When I played baseball as a kid, I was a catcher and a first baseman. I didn’t like being a catcher but I could do it. I didn’t close my eyes when the batter swung, although I wanted to. The gear was hot and the “cup” uncomfortable, so often I didn’t wear one. Until the day that Danny threw a fast ball and I missed it and it lodged right between my legs where the cup should have been. I went into shock immediately on impact. I could not move except for the involuntary reaction of closing my legs which had the unfortunate byproduct of keeping the ball lodged right where it struck as I slowly keeled over, the ball dribbling out. My friends saying that I looked like I had laid an egg. After that, I decided that it was easier to put up with the chafing of the cup.

Conversely, I loved to do a stretch and scoop at first base. You could see the throw coming low. You had to trust your eye hand coordination and the glove. You could feel it in the web, and then the appreciative smile from the infielder who threw it. These few seconds of captured smiles and catches… What causes us to remember them so vividly? You wonder if through the decades those glimpses exist only for you or if they are shared as well?

 

I only really remember one catch with my brother. We were both married and he came to where Val and I were living in Fairlawn. I was coaching football and when he saw the ball lying around, he said, “Want a catch?” We were never easy talking with each other. I was a shadow and the older brother with whom he never lived and who disappeared for years at a time.

His arm was stronger than mine and he rifled the ball in my direction with poise and determined speed. He was going to show his older brother, and he did. Somehow it became easier to talk while we were throwing the ball. It felt right and, upon reflection, somehow sad that this was our only truly memorable catch. Maybe if we had more of them we would be in contact today. I don’t really know, but I do believe in the power of catch.

It’s calming and exhilarating at the same time. The person puts a little bit of himself into each throw, and as you receive it, you accept what you have been given. It is a conversation without words. It can be a response to harsh words and then the projectile is not flung with the speed of competition. It is hurled with an expression of anger. Not quite a punch, but it travels with that velocity.

Catch can be love. When Val and I were first married, we bought a fuzzy tennis ball that came with a set of Velcro paddles. They may still be in my barn, the Velcro worn and the original ball long since chewed by Keats. This was cooperative catch, and we would try to make it last. She would inevitably say, “just a couple more” and I would be disappointed. I loved playing catch with her. I enjoyed those exchanges so and I do not believe that I will ever throw the Velcro paddles away.

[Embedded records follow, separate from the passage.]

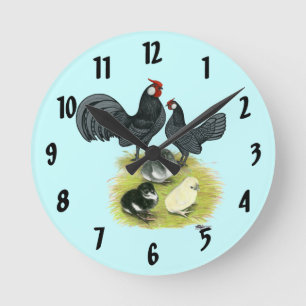 Reloj Redondo Mediano Familia Blue Rosecomb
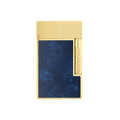 LE GRAND DUPONT LACQUERED LIGHTER SAVOIR-FAIRE POPOTE BLUE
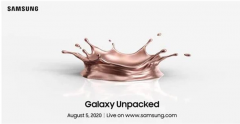 官宣！三星将于8月5日举行Galaxy Note 20系列发布会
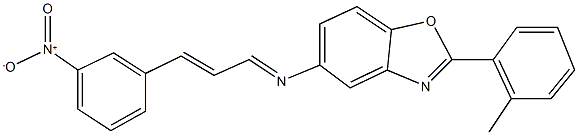 330681-62-4 5-[(3-{3-nitrophenyl}-2-propenylidene)amino]-2-(2-methylphenyl)-1,3-benzoxazole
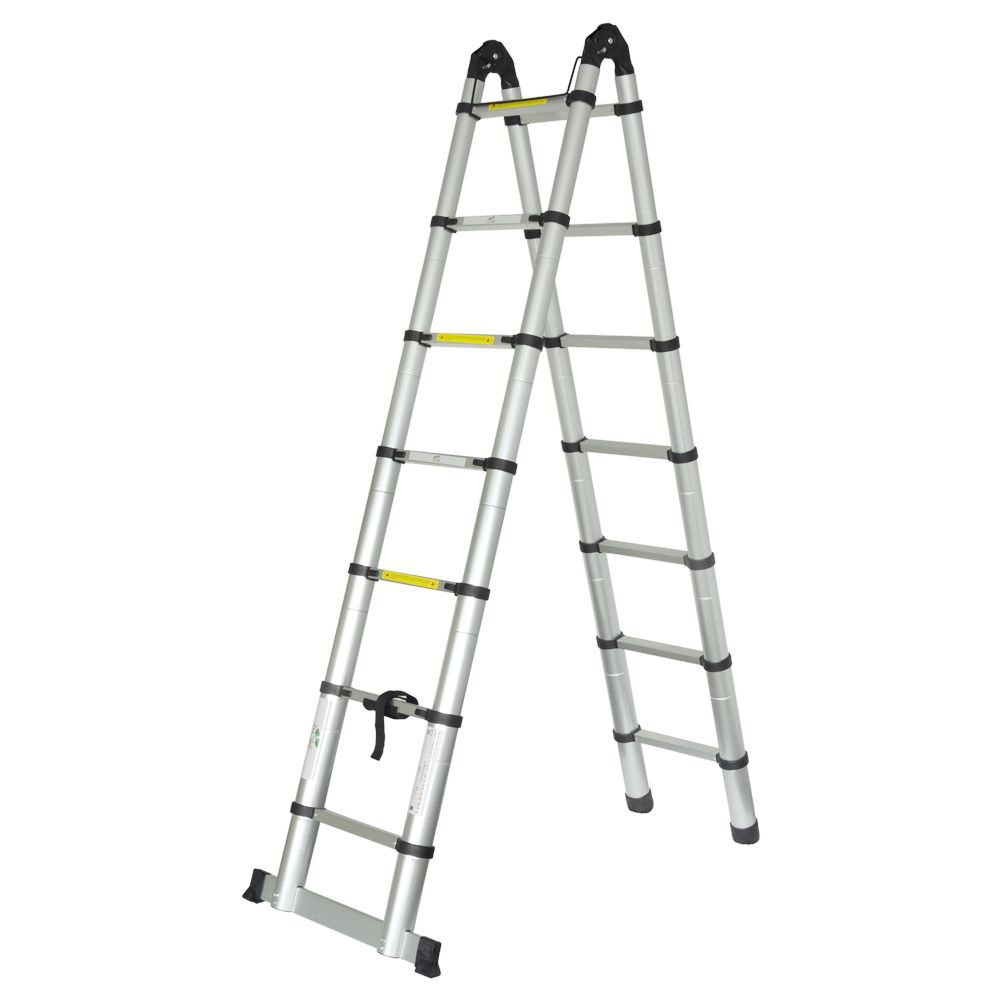 Лестница телескопическая универсальная 14 ступенек 4.4м FLORA (5033424)
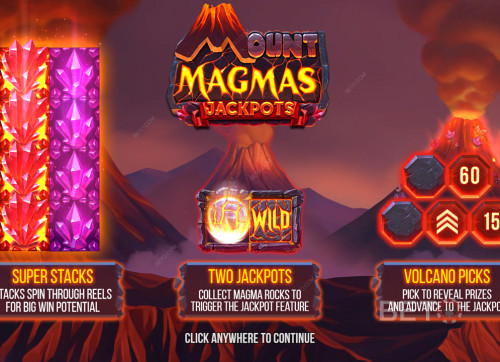 Enjoy Super Stacks, 2 Jackpots, And Volcano Bonus Feature In Mount Magmas Slot
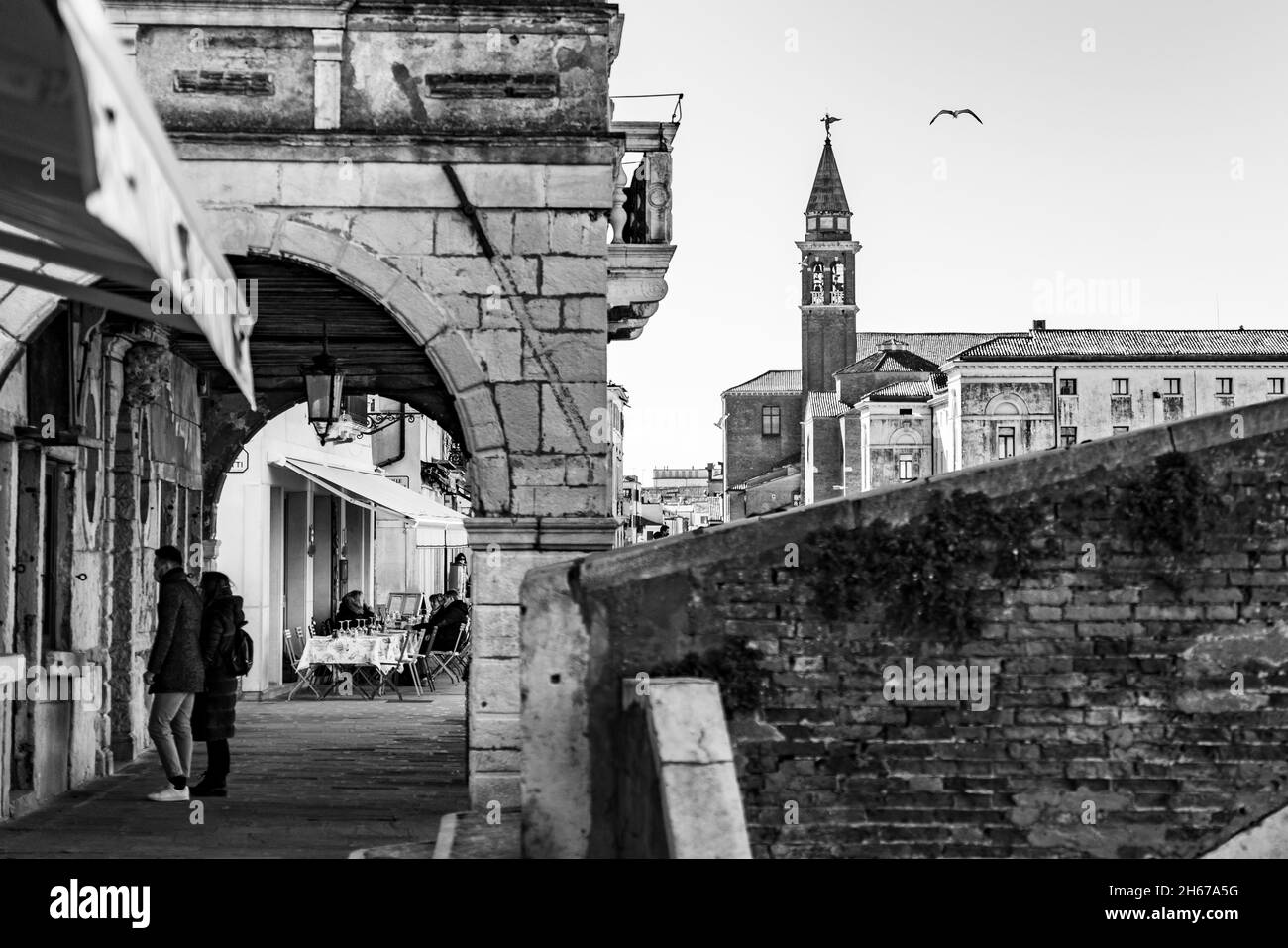 Chioggia, venice area, Veneto: details of a wonderful small town in the venetian laguna Stock Photo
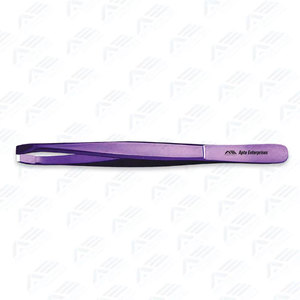 Pinzas de Precisión para Cejas y Pestañas, de Acero Inoxidable Resistente, de Alto Volumen, con Punta Angulada, Venta al Por Mayor - Product Image 3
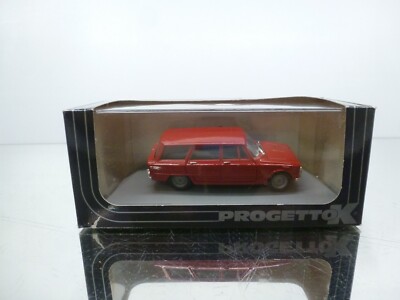 PROGETTO K PK170 ALFA ROMEO GIULIA SW STRADALE 1967 - RED 1:43 - GOOD IN BOX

It can be interspecies.  Although I deeply love my Frisbee sessions with Fitzgerald, he brings it back. He does not throw it. But my Mom had a Bichon named Dandy. If you took a soft beach ball, Dandy would head butt it back, soccer style. We went on and on in the basement for hours. After that he would run downstairs and wait each time I arrived. We played catch. In that instinctive way Dandy lives for me, playing catch.

 

Catch is a problem solver. Maybe if people so at odds could just play catch for a while something would change. Maybe just a softening that grows out of that mutual respect given by catch. I know that there are hypothetical catches. I know that sometimes a teacher feels that he is playing catch with his students. That is a fine blend of cooperative and competitive catch. However, there is something about the engagement of other senses. What does eye hand trigger in the brain? There is something about its enduring qualities.

Field of Dreams comes to a conclusion with a catch. It heals. It crosses lines. It feels fine.